Glyce lowered her head.  “Her husband was in the Army Reserves.  He was in a helicopter crash and died.  It was a typical training exercise that went horribly wrong.  The accident is under investigation, but we may never hear anything.  Her sister is in town to take care of the older children, and since I know the routine for natural childbirth, I am her coach.  It was supposed to be Pauline, but she and Mashie are off doing something for the government this weekend.  Any more questions?”

“With me in charge, the house could burn down.  I suppose all the emergency numbers are on the fridge?”

“Yes, they are, but don’t worry, Old Man.  The two older children are mostly grown up and the youngest thinks that he is.  If you smell anything strange in the air, just tell Blaise that he promised not to conduct any experiments tonight.  If he behaves, you might get back to the mission tomorrow with all your hair.  My advice?  Talk to them.  Get to know them.  They are wonderful children.  One is kind of strange, but I think he might grow up, someday.”  With that, Glyce was gone.

The Old Man went to the kitchen for a glass of water.  The only child remaining was Blaise, the youngest and most prone to cause trouble – trouble in the spirit of scientific discovery.  The Old Man nodded.  Blaise put down the physics text that he was reading and said, “Easter, my brother, says that you tell everyone to call you Old Man.  I shall not do so.  Old Man is a derogatory term.  Is it not?”

The Old Man shrugged, “I suppose so, but I have been called that ever since kindergarten.”

“I reject that as a good reason to call someone who is family a derogatory name.  I shall call you ‘Grand Father.’”

“No pop pop, gramps, paupau?”

“Is not being a grandfather your function?  Why create a nickname?  Grand Father shall suffice.”

“What do you call your other grandfather?”

“He’s Serbo-Croatian.  We call him Djed.”

“Is that short for Jedidiah?”

“No, Djed.  That is Serbo-Croatian for grandfather.”

“Well, it is nice that we cleared that up.  I hear that you are not allowed to experiment.  I know what it is like to get you wings clipped.  If you want to talk about it, I’m available.”

“No, thank you, Grand Father.  If I finish this chapter before bedtime, I will switch to a Philosophy text that I find utterly fascinating.”

“I’m sure it is.”  The Old Man made his way to the den where Easter was watching television, a documentary on tornadoes.
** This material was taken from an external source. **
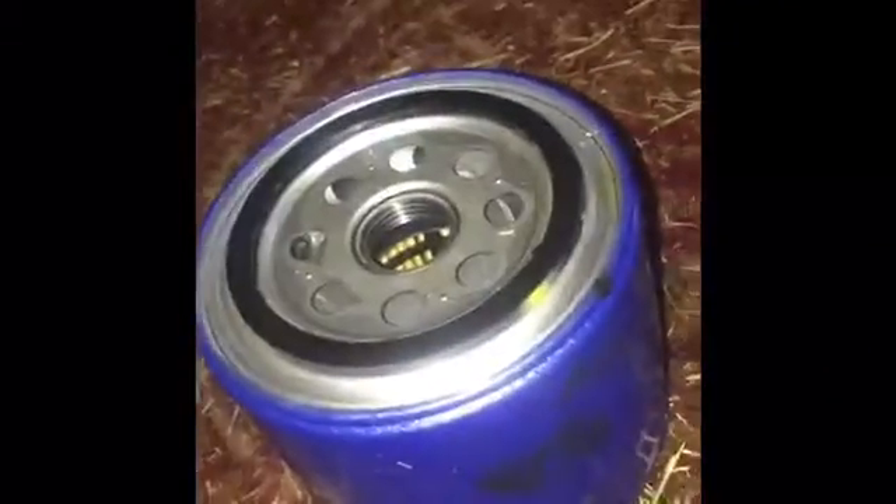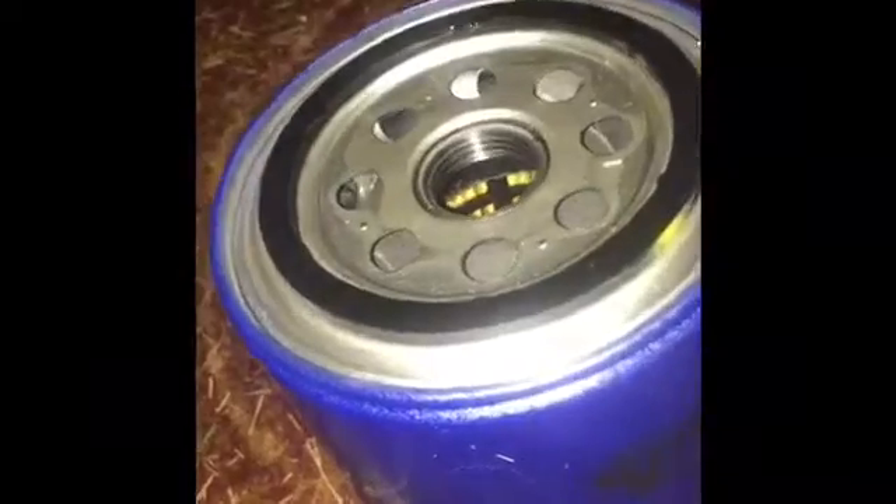Now we have our new oil filter. We've rubbed some new oil around the edges of it to make sure it seals properly, and now we're going to put it on. Now we're going to use the strap wrench to tighten up the filter. It's kind of hard to get it on properly the way this filter is angled.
Easter perked up with the Old Man in the room.  “Hi, Granddad, we promised to be on our best behavior, but to be honest, Soapy and I prefer it that way.  The one that gets bored and gets into things is Blaise.”

“I think that is what your mother was hinting at when she left.”

Easter nodded.  “Mom is with Beth Anne.  I have babysat her kids a few times so far this year.  She even let me invite Jemima over once and the two children and Jemima and me played games.  Mom is trying to hook her up with financial aid, something other than loans.  With her husband dying on active duty, there must be a lot that she could qualify for, and when Mom sinks her teeth into something, she finds every little nook and cranny.  I’d love to talk more, but this documentary is important.  Storm chasers were killed during this storm, and I keep re-watching every documentary on this storm to see what went wrong.”

The Old Man smiled and nodded.  He then went upstairs to the bedrooms.  He noticed that Sophie’s door was closed.  He knocked gently.

Sophie, on the other side of the door, giggled and said, “You may enter, Granddaddy.”

The Old Man entered and said, “Granddaddy?  That’s kind of girlish.  I thought you were grown up.”

Sophie gave him a goofy face.  “I’m not a teen-ager yet.  I can get away with Granddaddy for a couple of years.”

“And what are you doing?”

“I’m trying my hand at knitting.  I’m not that good yet, but I have been giving the scarves away at the mission.  Funny, you never seem to be there when I drop by.”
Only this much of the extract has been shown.